The first thing to say here is that, pre-wgs, outbreak detection was done using an exceedance method. This can be illustrated if we take august 2013 and 2014 as a base line, and then compare with august 2012. the number of cases in 2012 exceeds the number we would expect based on 2013 & 2014.
So, after we started sequencing, we noticed that there was a highly related cluster that was contributing a lot of cases to this baseline. Up to 90%of the PT8 cases in any month were in this cluster, and there was no seasonal variation we see with non-cluster pt8.
So, my epi colleagues looked at the exposures reported by cases in the cluster compared with exposure in the controls. The thing that really jumped out was exposure to snakes. Now, reptiles aren’t typically associated with salmonella sub-species 1, they are associated with the other sub-species.
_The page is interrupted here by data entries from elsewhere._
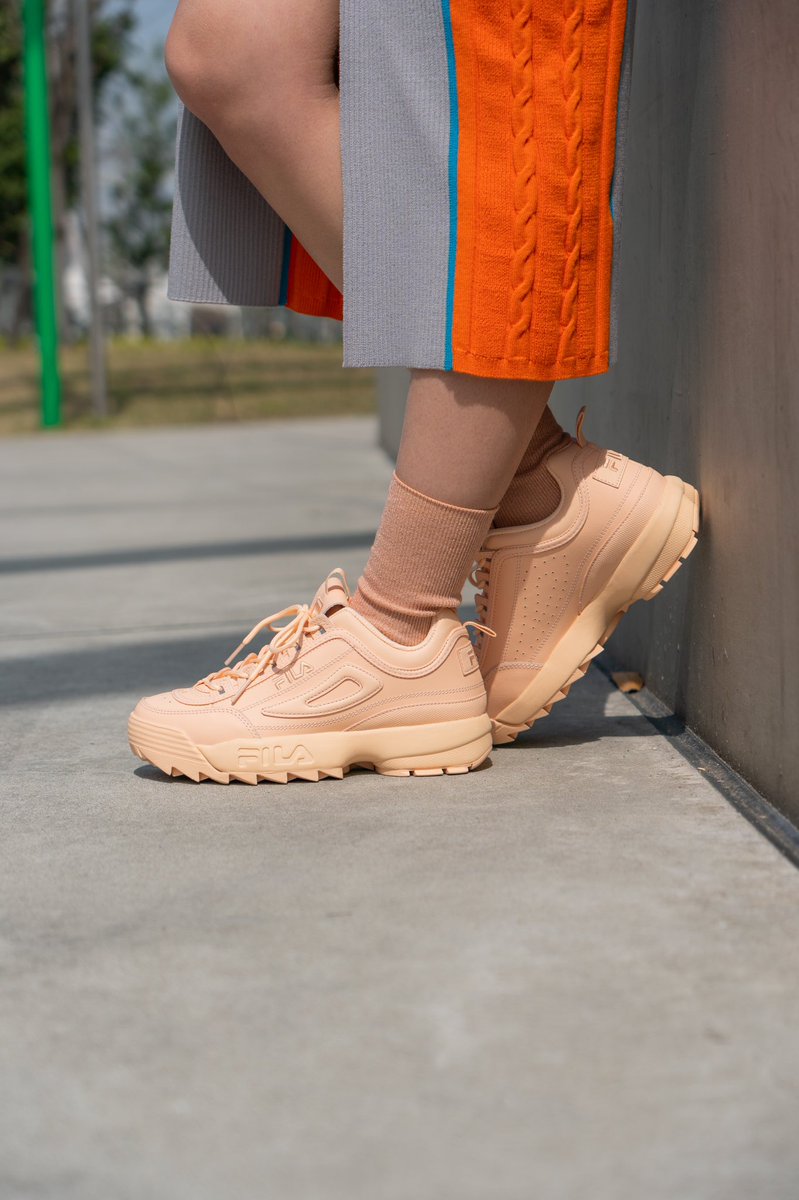 44 割引 一つ目の項目を先に選択してください White Purple Grey White White White Black Black Black 税込 フィラ公式正規品 Bts着用韓国人気スニーカー 韓国人気スニーカーフィラニューロン3スティミュラ1rmd110 韓国スニーカー スニーカー スリッポン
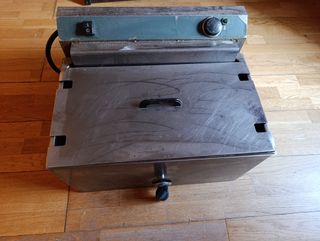 Freidora y calienta platos hostelería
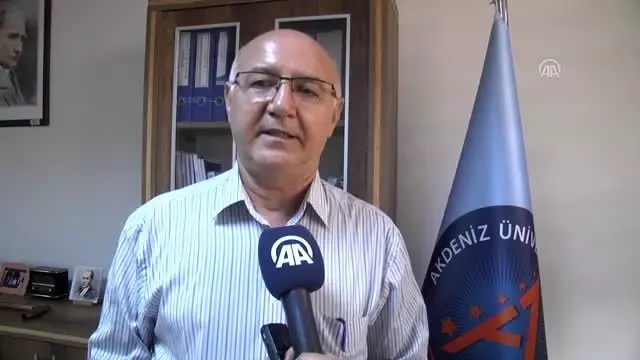 Yangına hassas alanlara ateşe dayanıklı ağaç türleri dikiliyor (2) Yangına hassas alanlara ateşe dayanıklı ağaç türleri dikiliyor (2)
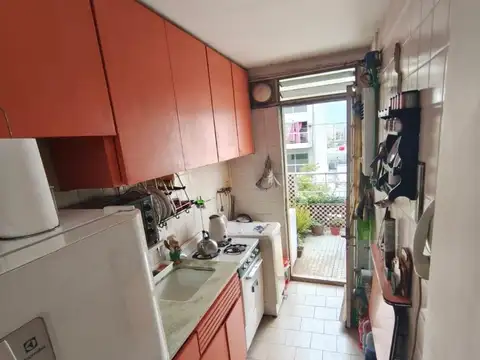 2 AMBIENTES CON BALCON PISO 8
So, it wasn’t the snakes themselves, it was the snake food, which is typically day old mice.
These mice are bought from pet shops in large batches and kept frozen.
So, the question is, do we see any st313 in the uk? Yes we do, we sequenced st313 from 75 different people, one dog, and one foodstuff.
The uk-st313 are genomically heterogeneous. No L1, 9 L2 infections. Broad swathe of novel diversity.
Epidemiologically heterogeneous. Of the 9 patients with l2 infections for whom travel info was available, 7 reported travel to africa. Only 1 out of 42 non-L2.
Clinically heterogeneous. Again, 8/9 l2 = invasice, 3/57 UK. Underlying conditions a big unknown confounder, don’t know hiv status for example.
Bioinfo pipelines – good, fast, cheap. Pick 2.
Your going to see new types of outbreak, chances are you are used to investigating the types of outbreak your typing methods can pick up. New typing method means different kinds of outbreaks, great oppo, operational challenge.
And finally, wgs in developed countries will be a useful tool in monitoring emerging threats in LMICs.